What to do ::
Output exactly, and only, the lines below from the one with "編織尼龍魔鬼氈金屬接口錶帶，適用於Apple Watch 46mm" down to the one with "RIO. Корм для экзотических птиц, 1000 г". Include both end lines and no pictures.

Data shown ::
►
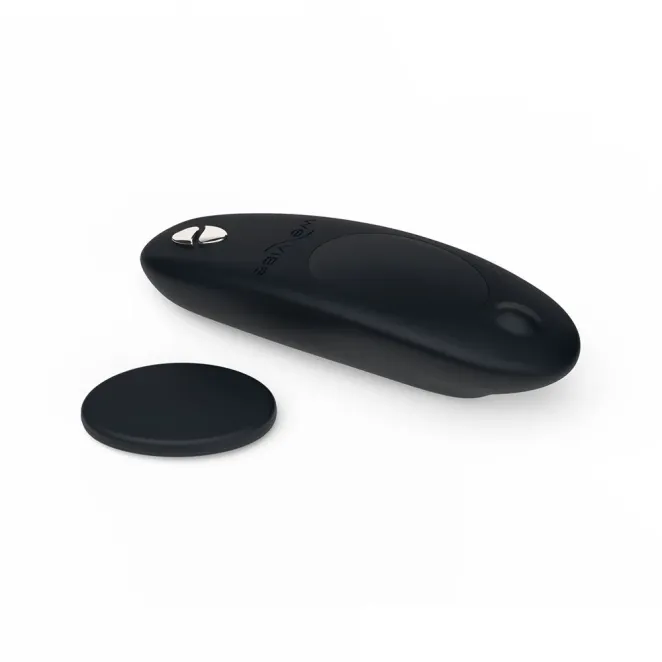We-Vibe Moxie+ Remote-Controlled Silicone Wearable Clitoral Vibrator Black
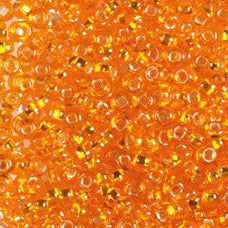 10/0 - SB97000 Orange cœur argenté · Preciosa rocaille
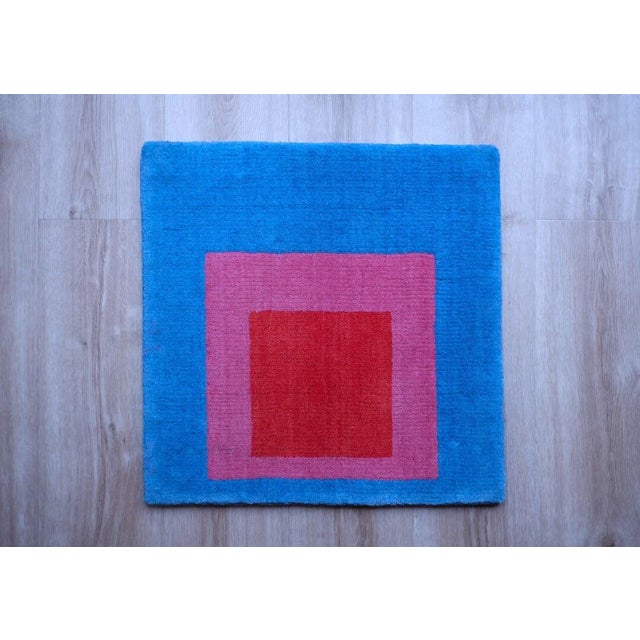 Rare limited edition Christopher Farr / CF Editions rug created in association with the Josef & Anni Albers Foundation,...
◄
►
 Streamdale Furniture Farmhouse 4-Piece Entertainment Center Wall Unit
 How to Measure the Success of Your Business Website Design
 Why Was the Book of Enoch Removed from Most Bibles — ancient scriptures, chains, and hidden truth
◄
►
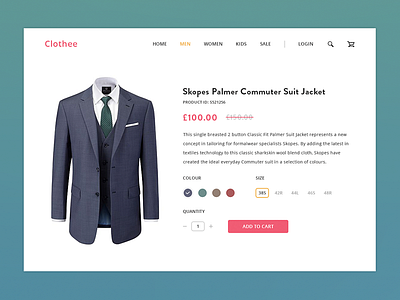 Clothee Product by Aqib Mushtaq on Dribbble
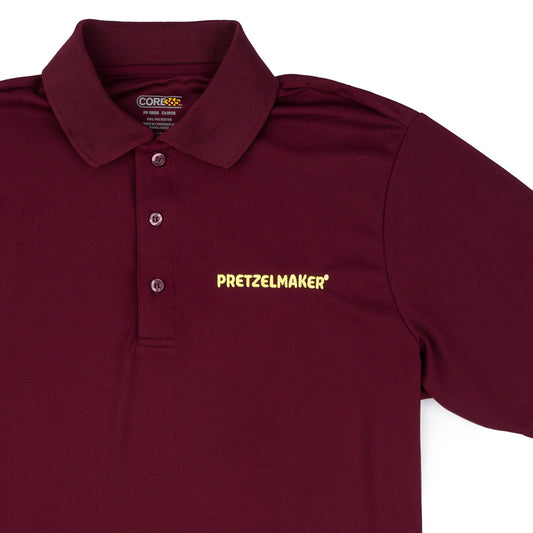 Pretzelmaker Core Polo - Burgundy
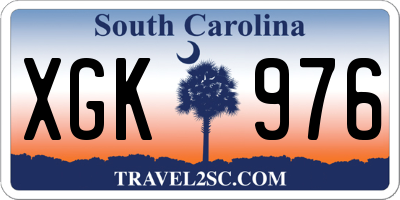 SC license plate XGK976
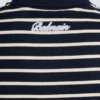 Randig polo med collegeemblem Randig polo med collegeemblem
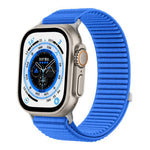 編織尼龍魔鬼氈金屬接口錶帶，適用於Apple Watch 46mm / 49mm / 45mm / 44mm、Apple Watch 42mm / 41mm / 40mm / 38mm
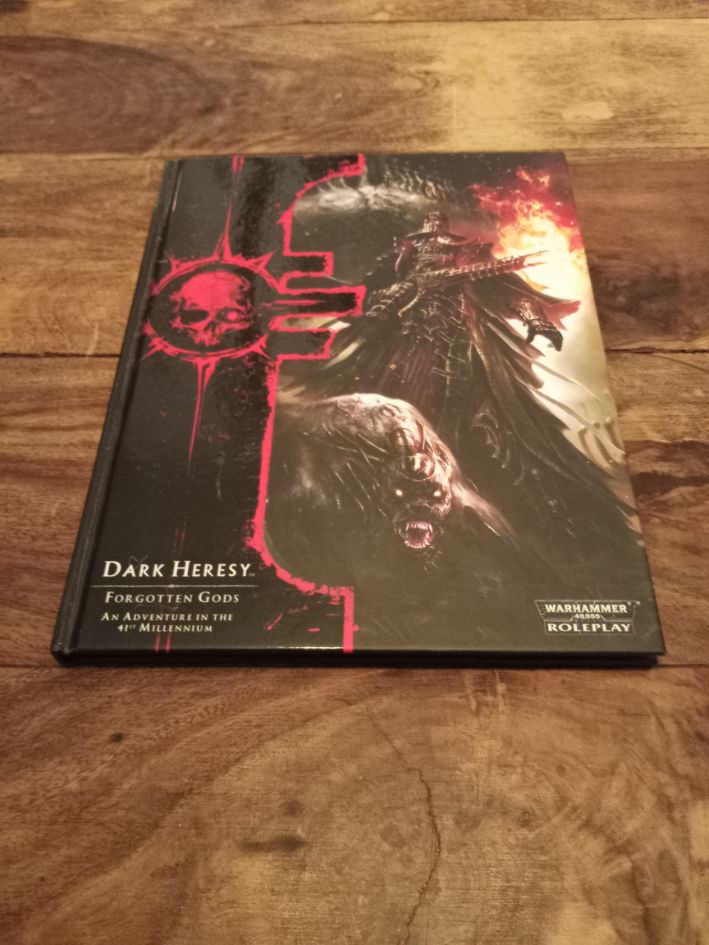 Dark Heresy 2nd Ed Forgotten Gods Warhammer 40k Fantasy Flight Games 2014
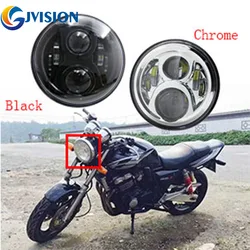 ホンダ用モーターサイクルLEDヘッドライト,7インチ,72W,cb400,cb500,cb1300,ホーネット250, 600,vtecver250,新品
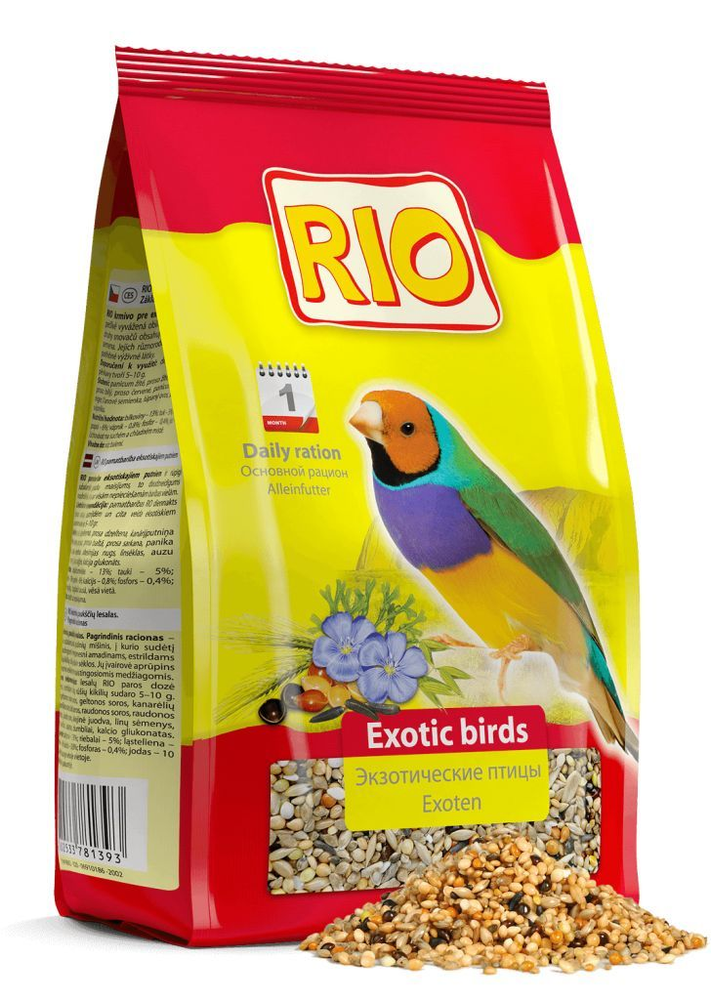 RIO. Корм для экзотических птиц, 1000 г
◄
Exercise response ::
 編織尼龍魔鬼氈金屬接口錶帶，適用於Apple Watch 46mm / 49mm / 45mm / 44mm、Apple Watch 42mm / 41mm / 40mm / 38mm
 Dark Heresy 2nd Ed Forgotten Gods Warhammer 40k Fantasy Flight Games 2014
 ホンダ用モーターサイクルLEDヘッドライト,7インチ,72W,cb400,cb500,cb1300,ホーネット250, 600,vtecver250,新品
 RIO. Корм для экзотических птиц, 1000 г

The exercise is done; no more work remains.